На первый взгляд всё просто: автор, непосредственный участник событий, рассказывает о том, как Сергей Герасимов снимал свой «Тихий Дон». Шестнадцатилетним мальчишкой Слава Родионов бросил химкомбинат, на котором работал, чтобы помочь матери прокормить семью, и устроился в съёмочную группу, убедив помощников Герасимова взять его ассистентом одного из операторов картины – Майи Меркель. В принципе он мог бы ограничиться лишь собственными воспоминаниями, видел он действительно многое. Мог, но не ограничился.
Не являясь ни киноведом, ни кинокритиком, он скрупулёзно проштудировал массу источников, включая публикации в центральной прессе и выступления самого Герасимова и его коллег, встречался с ныне здравствующими участниками съёмок и родственниками тех, кого уже нет в живых. На страницах книги официоз соседствует с милыми «бытовыми» подробностями. Читатель узнает, как в постельных сценах между Быстрицкой и Глебовым одеяло прокладывали, как Игорь Дмитриев вырабатывал офицерскую осанку старинным способом: с помощью наполненных водой стаканов на погонах. Автор дал слово не только звёздам первой величины, но и жителям Каменска, где была штаб-квартира киногруппы, и хутора Диченский, где проходили основные натурные съёмки. По его мнению, вот они-то, массовка (читай – народ), и были главными героями ленты.
Повествование Родионова, однако, не исчерпывается описанием съёмочных будней. Любопытен разбор любовных линий, проходящих через роман и картину, исходя из божьих заповедей, а не с позиций нравственного кодекса строителя коммунизма.
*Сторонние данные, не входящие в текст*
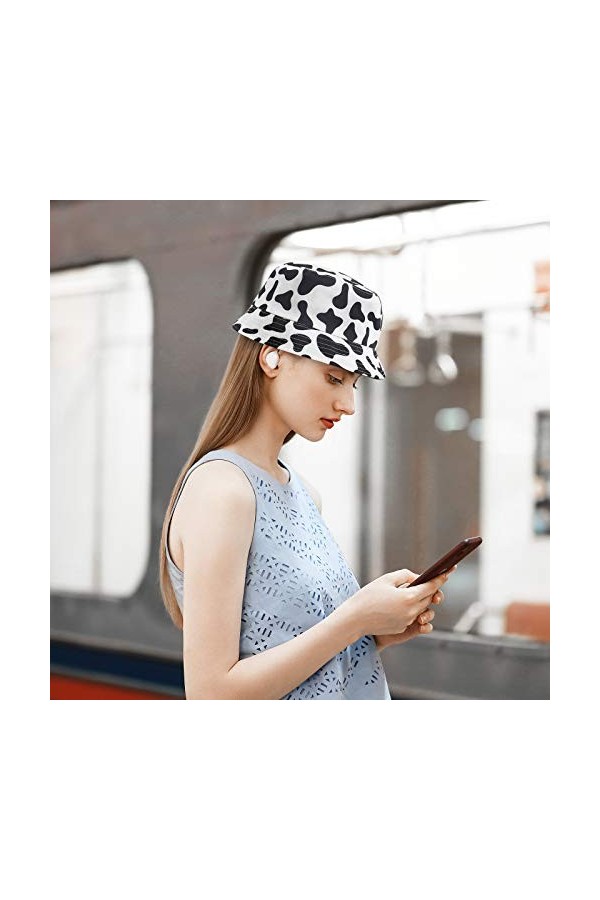 LUOEM Chapeau bob noir et blanc pour femme - Chapeau de protection solaire respirant pour lextérieur, noir/blanc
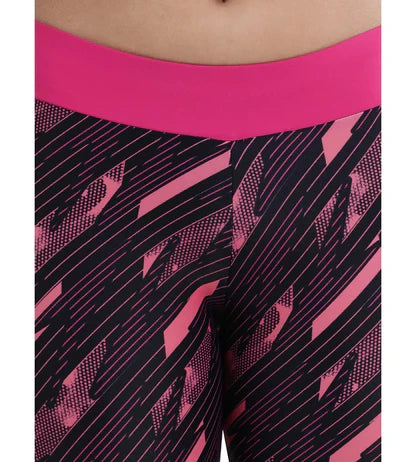 Speedo_Girls_Endurance10_Hyperboom_Printed_Capri_Black_ElectricPink_Waist_InstaSport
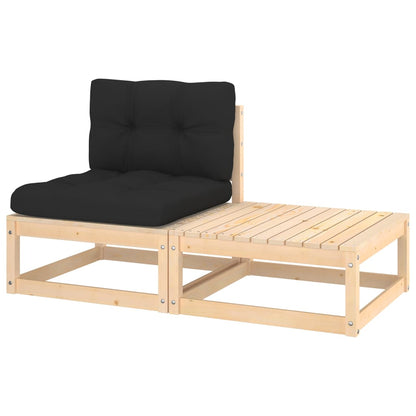 3 Piece Garden Lounge Set With Cushions Solid Pinewood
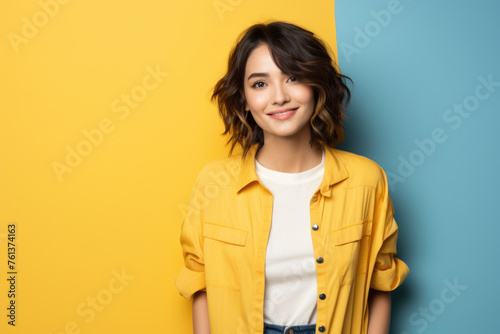 Woman in yellow shirt is smiling and standing in front of blue wall © vefimov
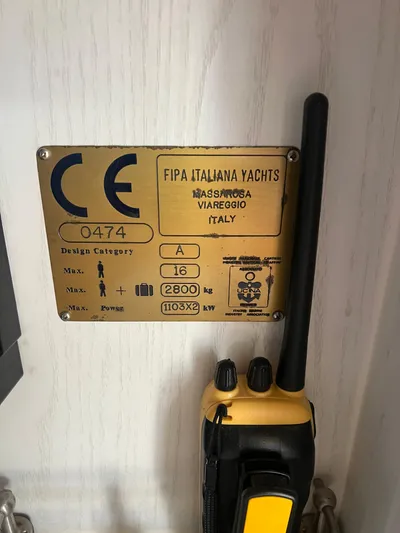 Dubai Yacht Photos Pics CE certification plate on a 2003 Maiora 24 S yacht by Fipa Italiana Yachts.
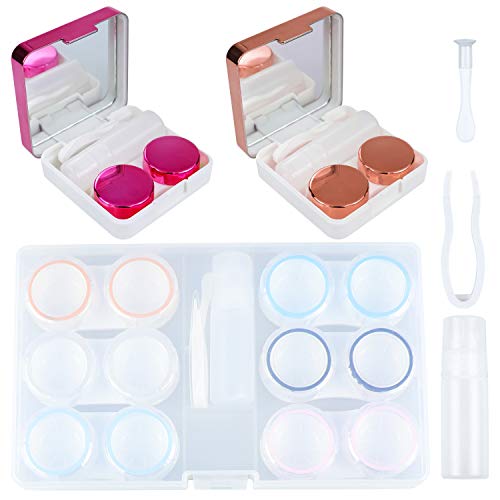 Meetory 8 Pack Contact Lens Travel Case, 2 Styles Portable Contact Lens Kit with Bottle, Tweezers, Container Holder for Travel & Home - FDA Approved - Thumbnail 4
Страдалица-Наталья для него вовсе не образцовая мать и жена, у которой незаслуженно увели мужа, а грешница, убившая своего нерождённого ребёнка, погубившая себя и оставившая сиротами ни в чём не повинных детей. И всё-таки первая часть книги воспринимается как занимательное чтение для поклонников советского кино. Но расслабившегося читателя уже поджидает сюрприз.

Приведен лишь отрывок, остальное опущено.